Panel sample collection

Samples were taken for molecular analyses from heated (+1 and +2 °C above ambient sea water temperatures) and non-heated (control) panels after 18 months immersion at 15 m depth near Rothera Research Station, Adelaide Island, Antarctic Peninsula (67°4′07″S, 68°07′30″W). These treatments are referred to as control +1 and +2 in the following methods. At the start of the 18-month deployments, all panels were brand new, placed on site and then gradually warmed up to the relevant temperature for colonisation in situ. Three sites around Rothera were used for the original study, with panels deployed in South Cove, Hangar Cove and North Cove on concrete substrata. At each site, four heated panels for each temperature (total of 12 panels per site) were laid in a random design in batches of four with position generated by a random number generator and this design was random with regard to both the position and the concrete block. Because of iceberg impact damage, one set of panels was retrieved from South Cove after 9 months and held in the Rothera flow-through aquarium. The water intake for the aquarium is not filtered; the inlet is at 7M and only boulder covered to protect from ice. Therefore, the animals in the aquarium experienced the same sea water, food availability and environmental conditions as the original site for a further 9 months (South Cove panels). It should furthermore be noted that most of this final 9-month period took place during winter when phytoplankton levels are extremely low. Another set of panels (North Cove panels) remained in the sea for the whole 18-month period. It was not possible to use the Hangar Cove panels in this study, as predation by urchins had dramatically altered the community composition of the panels at this site. Experimental organisms were non-regulated so ethical approval was not required. After a preliminary environmental assessment (PEA #14-11) collections were made within the Antarctic Act, permit number S7-10/2015, as granted under section 7 of the Antarctic Act 1994.

Transcriptome methods

Protolaeospira stalagmia were dissected from their calcified skeletons, snap frozen in liquid nitrogen and stored at −80 °C prior to RNA extraction. Total RNA was extracted from dissected Protolaeospira stalagmia (n = 6 per panel, per treatment: 3 each of control, +1, +2; total of 54 individuals) using ReliaPrep TM RNA Miniprep Systems (Promega) according to the manufacturer’s instructions. RNA samples were assessed for concentration and quality using a NanoDrop ND-100 Spectrometer (NanoDrop Technologies) and an Agilent 2200 Tapestation (Agilent Technologies). RNA samples (n = 6 per panel, per treatment) were pooled to obtain a total of three replicates per treatment (control, +1, +2) producing a final total of nine samples of 150 ng RNA for each sample.

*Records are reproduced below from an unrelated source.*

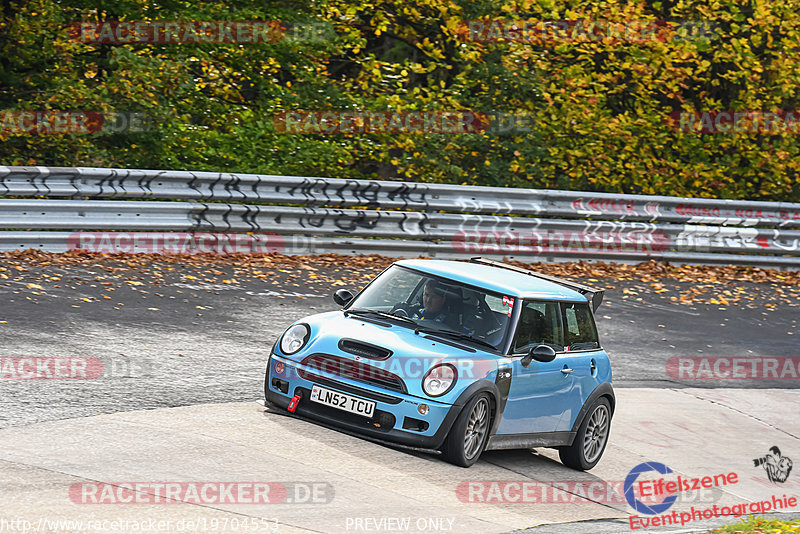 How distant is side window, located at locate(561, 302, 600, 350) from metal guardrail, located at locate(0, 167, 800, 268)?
7.08 m

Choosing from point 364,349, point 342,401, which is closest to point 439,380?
point 364,349

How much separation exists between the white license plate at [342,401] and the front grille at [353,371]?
13 cm

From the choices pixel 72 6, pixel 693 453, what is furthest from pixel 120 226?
pixel 693 453

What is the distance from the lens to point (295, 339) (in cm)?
855

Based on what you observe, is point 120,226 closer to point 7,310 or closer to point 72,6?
point 7,310

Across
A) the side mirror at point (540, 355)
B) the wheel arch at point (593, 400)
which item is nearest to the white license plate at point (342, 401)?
the side mirror at point (540, 355)

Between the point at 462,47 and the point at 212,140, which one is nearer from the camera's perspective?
the point at 212,140

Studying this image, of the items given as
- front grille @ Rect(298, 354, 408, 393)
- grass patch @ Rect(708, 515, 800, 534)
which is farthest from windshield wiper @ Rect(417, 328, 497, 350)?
grass patch @ Rect(708, 515, 800, 534)

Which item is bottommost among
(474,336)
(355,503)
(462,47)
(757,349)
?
(757,349)

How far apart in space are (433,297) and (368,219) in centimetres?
788

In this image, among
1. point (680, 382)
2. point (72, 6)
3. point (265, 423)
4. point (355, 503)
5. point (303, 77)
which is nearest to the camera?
point (355, 503)

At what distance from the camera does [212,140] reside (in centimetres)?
1869

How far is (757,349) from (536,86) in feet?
28.9

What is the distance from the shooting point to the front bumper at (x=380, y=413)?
7.89 meters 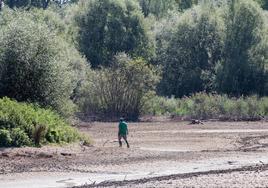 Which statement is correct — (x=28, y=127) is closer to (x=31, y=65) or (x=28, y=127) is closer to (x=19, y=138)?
(x=19, y=138)

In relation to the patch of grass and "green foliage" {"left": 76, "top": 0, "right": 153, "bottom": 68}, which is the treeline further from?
the patch of grass

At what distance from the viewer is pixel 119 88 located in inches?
2484

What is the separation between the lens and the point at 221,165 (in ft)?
92.0

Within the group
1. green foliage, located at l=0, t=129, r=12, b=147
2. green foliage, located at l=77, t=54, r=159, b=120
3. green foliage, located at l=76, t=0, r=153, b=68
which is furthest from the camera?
green foliage, located at l=76, t=0, r=153, b=68

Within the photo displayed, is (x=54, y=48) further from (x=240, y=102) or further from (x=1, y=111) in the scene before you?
(x=240, y=102)

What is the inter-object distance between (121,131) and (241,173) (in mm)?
11759

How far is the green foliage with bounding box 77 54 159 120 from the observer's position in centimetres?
6297

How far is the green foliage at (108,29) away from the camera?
77.9 metres

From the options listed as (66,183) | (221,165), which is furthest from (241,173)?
(66,183)

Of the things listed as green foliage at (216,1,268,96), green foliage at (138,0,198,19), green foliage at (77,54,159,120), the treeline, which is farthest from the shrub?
green foliage at (138,0,198,19)

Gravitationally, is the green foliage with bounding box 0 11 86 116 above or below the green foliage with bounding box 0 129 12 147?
above

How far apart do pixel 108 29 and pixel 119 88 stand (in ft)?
54.1

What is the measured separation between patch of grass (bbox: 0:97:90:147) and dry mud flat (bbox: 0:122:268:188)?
0.76 meters

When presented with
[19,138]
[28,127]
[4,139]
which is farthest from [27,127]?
[4,139] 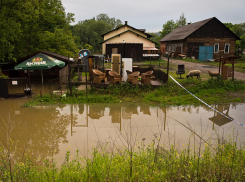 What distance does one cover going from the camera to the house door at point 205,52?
110 feet

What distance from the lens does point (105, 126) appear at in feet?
29.2

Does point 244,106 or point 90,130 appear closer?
point 90,130

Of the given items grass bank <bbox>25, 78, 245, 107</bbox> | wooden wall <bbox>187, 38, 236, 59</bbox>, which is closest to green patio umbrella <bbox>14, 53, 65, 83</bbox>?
grass bank <bbox>25, 78, 245, 107</bbox>

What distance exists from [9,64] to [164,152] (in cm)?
1644

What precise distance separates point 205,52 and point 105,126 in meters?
28.7

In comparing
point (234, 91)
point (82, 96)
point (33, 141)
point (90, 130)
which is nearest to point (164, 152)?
point (90, 130)

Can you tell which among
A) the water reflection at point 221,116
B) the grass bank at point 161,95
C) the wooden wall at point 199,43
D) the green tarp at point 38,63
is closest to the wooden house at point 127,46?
the wooden wall at point 199,43

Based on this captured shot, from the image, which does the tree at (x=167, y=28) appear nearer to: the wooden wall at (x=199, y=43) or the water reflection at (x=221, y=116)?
the wooden wall at (x=199, y=43)

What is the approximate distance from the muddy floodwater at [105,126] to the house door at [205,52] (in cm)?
2325

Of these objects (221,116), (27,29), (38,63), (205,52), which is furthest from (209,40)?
(38,63)

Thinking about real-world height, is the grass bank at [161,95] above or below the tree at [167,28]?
below

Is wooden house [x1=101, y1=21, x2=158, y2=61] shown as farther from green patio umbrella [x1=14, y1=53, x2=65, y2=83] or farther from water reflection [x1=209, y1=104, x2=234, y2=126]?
water reflection [x1=209, y1=104, x2=234, y2=126]

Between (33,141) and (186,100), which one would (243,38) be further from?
(33,141)

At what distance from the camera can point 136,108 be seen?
11430 millimetres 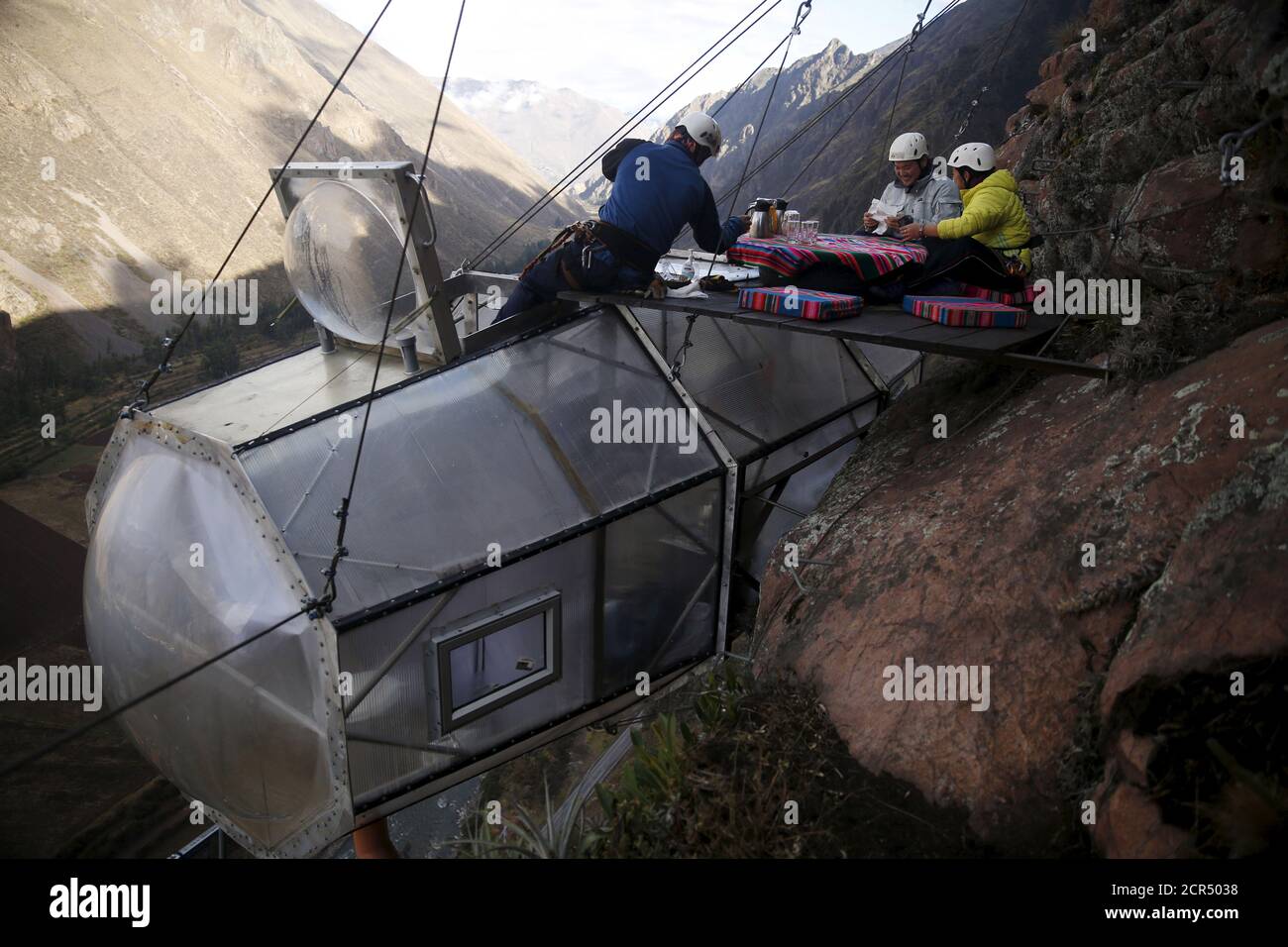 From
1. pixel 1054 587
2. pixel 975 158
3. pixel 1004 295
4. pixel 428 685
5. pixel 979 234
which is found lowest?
pixel 428 685

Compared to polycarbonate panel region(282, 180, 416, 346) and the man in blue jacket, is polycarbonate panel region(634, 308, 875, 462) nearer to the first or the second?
the man in blue jacket

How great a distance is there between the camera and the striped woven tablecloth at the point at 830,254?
758 centimetres

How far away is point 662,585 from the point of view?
24.9ft

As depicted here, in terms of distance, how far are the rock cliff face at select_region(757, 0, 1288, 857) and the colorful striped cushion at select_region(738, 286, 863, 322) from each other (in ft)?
4.91

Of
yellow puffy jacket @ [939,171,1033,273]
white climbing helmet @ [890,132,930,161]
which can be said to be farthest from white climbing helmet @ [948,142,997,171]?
white climbing helmet @ [890,132,930,161]

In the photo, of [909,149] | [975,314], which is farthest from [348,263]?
[909,149]

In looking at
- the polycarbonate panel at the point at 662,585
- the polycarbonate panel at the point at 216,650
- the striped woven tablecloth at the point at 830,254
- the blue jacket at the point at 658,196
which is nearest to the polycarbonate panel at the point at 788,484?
the polycarbonate panel at the point at 662,585

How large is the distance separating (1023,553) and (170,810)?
539 inches

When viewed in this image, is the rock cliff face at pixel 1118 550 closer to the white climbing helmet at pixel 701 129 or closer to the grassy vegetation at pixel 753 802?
the grassy vegetation at pixel 753 802

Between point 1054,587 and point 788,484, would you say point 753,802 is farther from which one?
point 788,484

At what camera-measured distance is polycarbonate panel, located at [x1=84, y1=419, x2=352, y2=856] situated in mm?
5969

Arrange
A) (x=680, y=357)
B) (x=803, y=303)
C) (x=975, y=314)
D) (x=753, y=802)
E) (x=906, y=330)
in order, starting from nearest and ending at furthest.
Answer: (x=753, y=802) < (x=906, y=330) < (x=975, y=314) < (x=803, y=303) < (x=680, y=357)

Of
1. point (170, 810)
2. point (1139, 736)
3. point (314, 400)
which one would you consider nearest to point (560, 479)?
point (314, 400)

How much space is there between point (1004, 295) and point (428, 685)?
5.73 meters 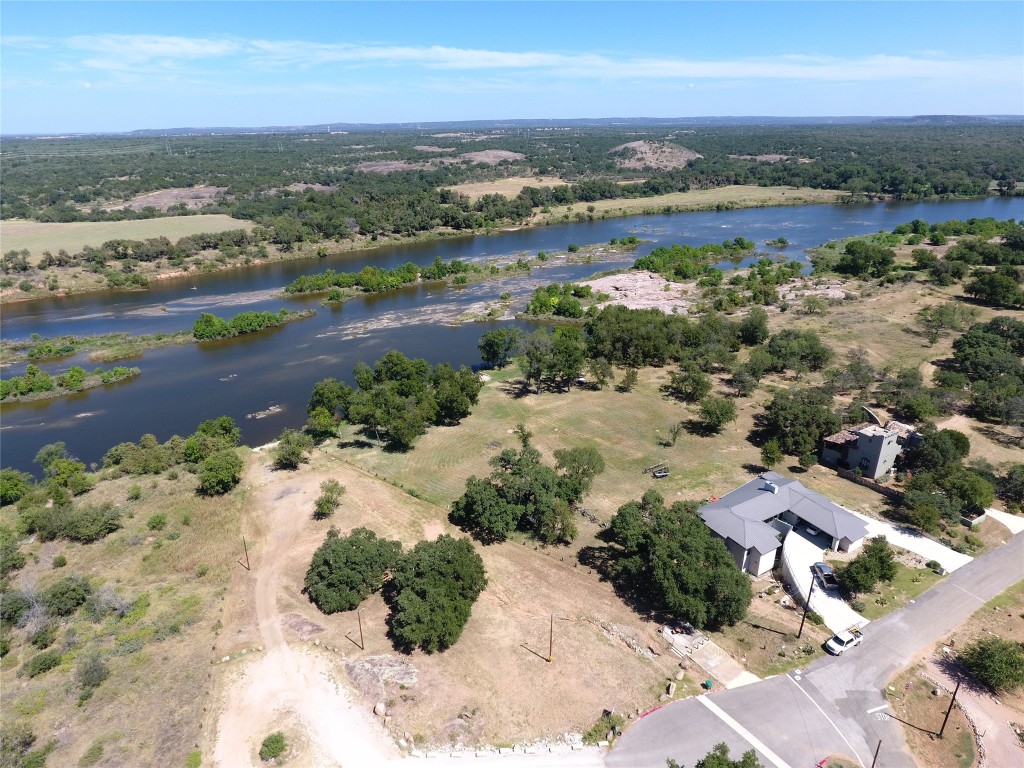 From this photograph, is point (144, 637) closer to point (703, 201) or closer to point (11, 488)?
point (11, 488)

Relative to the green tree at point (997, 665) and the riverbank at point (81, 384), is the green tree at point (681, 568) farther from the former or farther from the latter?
the riverbank at point (81, 384)

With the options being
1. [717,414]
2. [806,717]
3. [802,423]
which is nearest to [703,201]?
[717,414]

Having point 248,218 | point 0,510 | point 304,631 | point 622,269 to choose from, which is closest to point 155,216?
point 248,218

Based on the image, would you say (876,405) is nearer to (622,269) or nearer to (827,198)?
(622,269)

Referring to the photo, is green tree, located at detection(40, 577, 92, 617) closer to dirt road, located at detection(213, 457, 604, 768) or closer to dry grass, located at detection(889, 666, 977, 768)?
dirt road, located at detection(213, 457, 604, 768)

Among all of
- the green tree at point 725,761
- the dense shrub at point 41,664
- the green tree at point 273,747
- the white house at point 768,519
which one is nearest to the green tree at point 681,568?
the white house at point 768,519

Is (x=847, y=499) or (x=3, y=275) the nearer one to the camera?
(x=847, y=499) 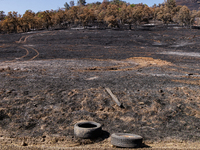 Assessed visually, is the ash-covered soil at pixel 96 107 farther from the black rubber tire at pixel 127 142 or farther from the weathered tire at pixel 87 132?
the black rubber tire at pixel 127 142

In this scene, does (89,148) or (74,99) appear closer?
(89,148)

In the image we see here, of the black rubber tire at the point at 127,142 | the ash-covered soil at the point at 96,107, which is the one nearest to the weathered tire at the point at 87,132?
the ash-covered soil at the point at 96,107

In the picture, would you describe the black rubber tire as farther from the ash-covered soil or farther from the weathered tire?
the weathered tire

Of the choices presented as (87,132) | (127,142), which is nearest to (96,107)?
(87,132)

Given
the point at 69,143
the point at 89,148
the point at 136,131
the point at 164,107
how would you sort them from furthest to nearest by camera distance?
the point at 164,107 < the point at 136,131 < the point at 69,143 < the point at 89,148

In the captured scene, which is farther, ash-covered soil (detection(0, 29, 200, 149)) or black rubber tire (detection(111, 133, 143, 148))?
ash-covered soil (detection(0, 29, 200, 149))

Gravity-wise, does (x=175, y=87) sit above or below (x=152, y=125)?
above

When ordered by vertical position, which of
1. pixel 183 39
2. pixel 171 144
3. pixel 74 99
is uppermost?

To obtain sufficient RNA for library preparation each RNA pool was cDNA was amplified using the Ovation RNA-Seq system v2 kit (NuGEN) according to the manufacturer’s instructions. Library preparation and sequencing was carried out by Edinburgh Genomics (Edinburgh, UK). For each sample, cDNA was converted to a sequencing library using the TruSeq standed mRNA-Seq library for NeoPrep (Ilumina) and barcoded libraries were pooled and sequenced on an Illumina HiSeq 4000 using 125 base paired-end reads to generate 50 million raw reads per sample.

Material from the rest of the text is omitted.